Workday AI Hiring
When the screening algorithm became the defendant
What They Said
Workday is the HR system of record for roughly half of the Fortune 500. Its applicant tracking and screening tools — including AI-driven candidate scoring and recommendation features — are used to filter millions of job applications every year. The company has positioned itself as a neutral platform: customers configure the screening criteria, Workday provides the infrastructure, and hiring decisions remain with the employer.
When AI bias concerns surfaced industry-wide, Workday’s public messaging emphasized fairness audits, EEOC compliance, and the customer’s responsibility to set non-discriminatory criteria. The implicit contract with enterprise buyers was clear. The vendor builds the rails. The employer owns the risk.
What Actually Happened
In May 2025, US District Judge Rita Lin certified a nationwide collective action against Workday under the Age Discrimination in Employment Act. The lead plaintiff, Derek Mobley, alleged he had been rejected from more than 100 jobs through Workday’s screening system despite being qualified — and that the pattern was consistent with age-based filtering. The court found enough evidence of common algorithmic decision-making to allow the case to proceed as a class spanning all US applicants over 40 who were screened by Workday’s tools.
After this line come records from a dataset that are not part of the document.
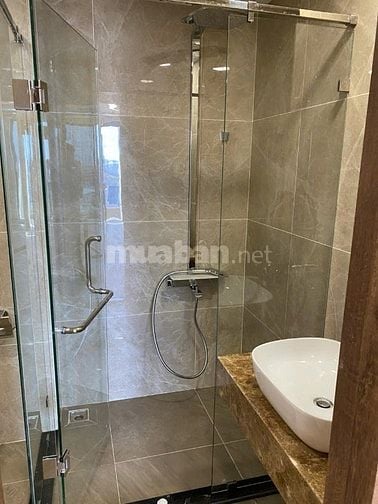 Bán căn hộ park legend 251 Hoàng Văn Thụ 113.9m2 3pn,3wc giá 9.2 tỷ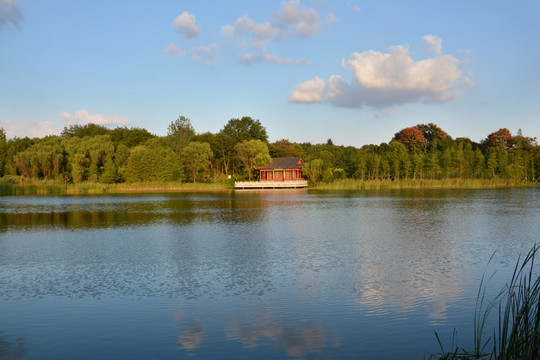 湖畔美景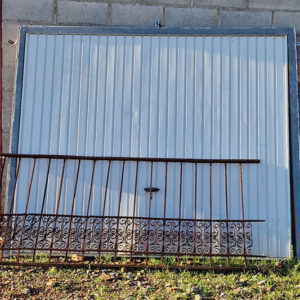 Puerta de garaje seccional, color blanco. Medidas: 218 x 262 cm.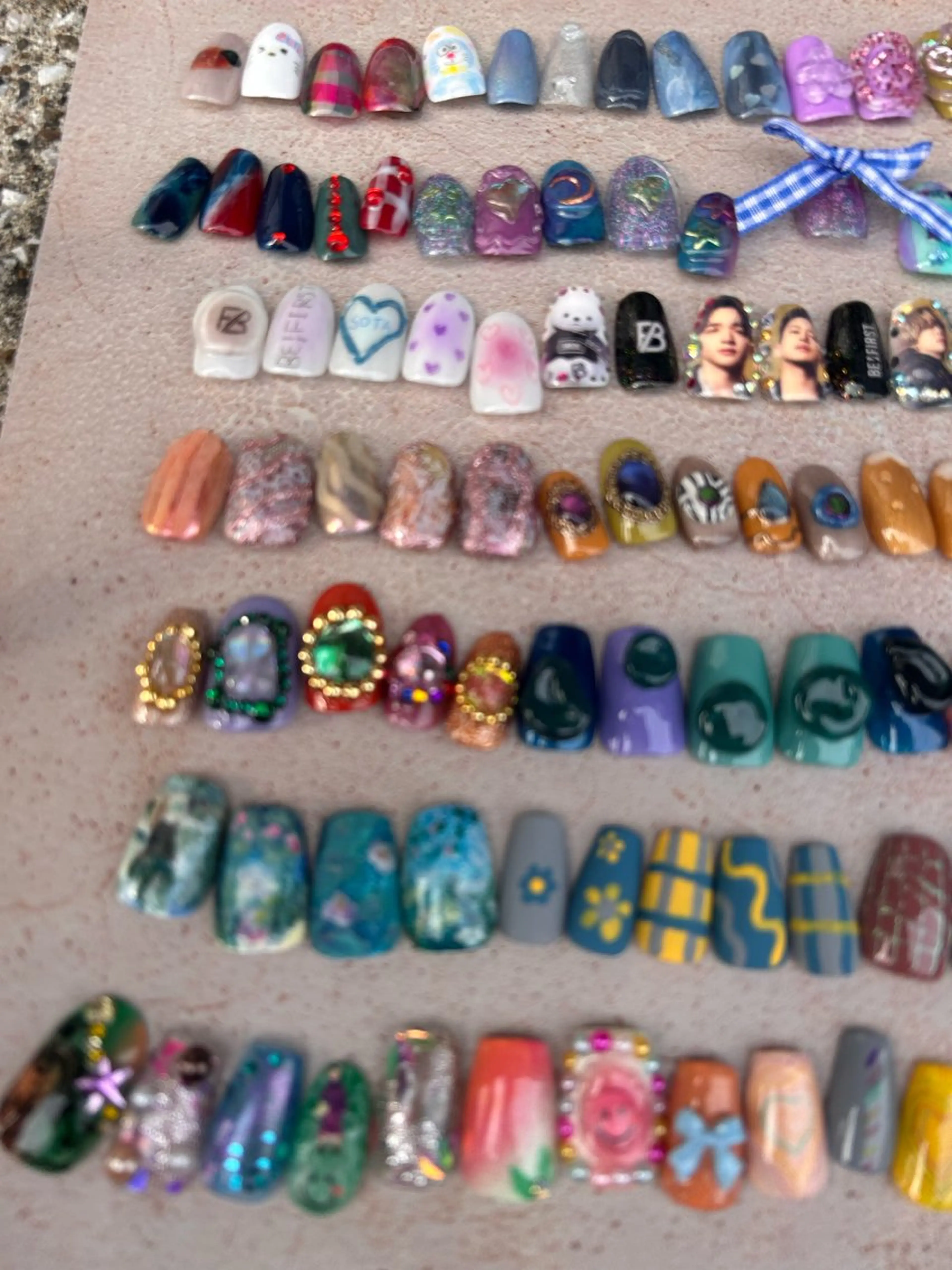 ネイル NANAE ネイル🌈虹のネイルデザイン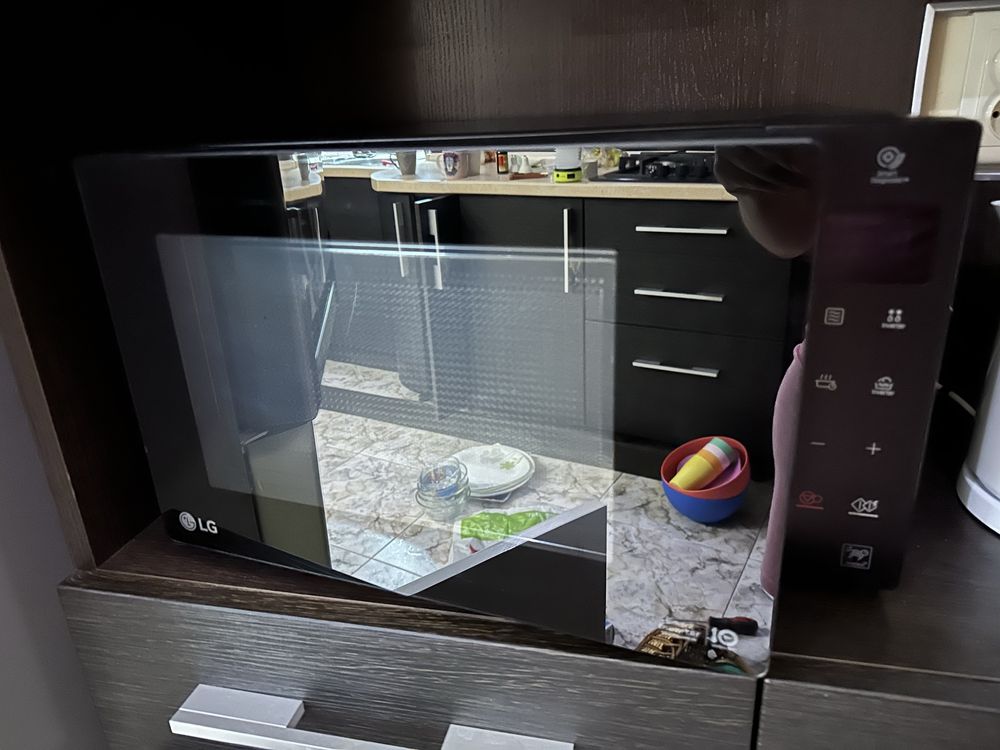Микроволновая печь LG NeoChef с технологией Smart Inverter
The certification was the legal earthquake. Until that ruling, the conventional reading of US employment law treated software vendors as tool providers, not as employers or employment agents. The Mobley case pushed the theory that Workday itself was acting as an “agent” of the employers using its system, because its algorithm — not the employer — was making the dispositive screening decision in many cases. The court allowed that theory to be tested.
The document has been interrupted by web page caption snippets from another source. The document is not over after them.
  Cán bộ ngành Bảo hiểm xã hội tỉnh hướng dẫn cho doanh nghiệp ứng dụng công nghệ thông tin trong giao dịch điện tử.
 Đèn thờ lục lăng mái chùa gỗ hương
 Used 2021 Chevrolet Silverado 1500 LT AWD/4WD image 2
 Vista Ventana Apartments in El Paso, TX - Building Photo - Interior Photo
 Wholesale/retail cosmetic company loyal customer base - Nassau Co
Workday has continued to deny the allegations and is fighting the class certification. But the practical impact was immediate. HR vendors across the industry began rewriting their customer agreements, adding fairness audit disclosures, and lobbying for state-level safe harbors. The risk that AI screening tools could expose their developers — not just their users — to discrimination liability moved from theoretical to active.
The size of the potential class is the part that should concentrate any CEO’s attention. Workday processes hundreds of millions of applications. Even if the eventual settlement covers only a sliver of the certified class, the exposure runs into the billions.
The Root Cause
Workday sold a screening algorithm as if it were a spreadsheet. The legal architecture treated the software as a passive tool. The actual product made consequential, repeatable decisions that determined whether a human got an interview. When the courts started to look at the function rather than the marketing, the fiction that the employer alone owned the decision collapsed.
The second failure was an absent paper trail. Workday could not produce the kind of disparate-impact testing data that would have been routine in a regulated industry like consumer lending. The lack of documentation became its own evidence that the bias controls had not been built into the system at the depth the marketing implied.
The Pattern to Watch For
If you license an AI tool that makes or recommends consequential decisions about people — hiring, lending, promotion, pricing, insurance — the regulatory frame is shifting from “you, the buyer, are responsible” toward “you and the vendor share liability.” Vendor contracts written in 2022 will not protect you in 2026.
What You Should Steal
Demand from every HR, lending, and personnel-decision vendor the same artifact a regulator would: a documented disparate-impact audit, refreshed quarterly, broken out by protected class, with the methodology disclosed. If the vendor cannot produce it, that absence is your audit finding. Workday’s defense is going to live or die on the documentation it can produce in discovery. Yours will too.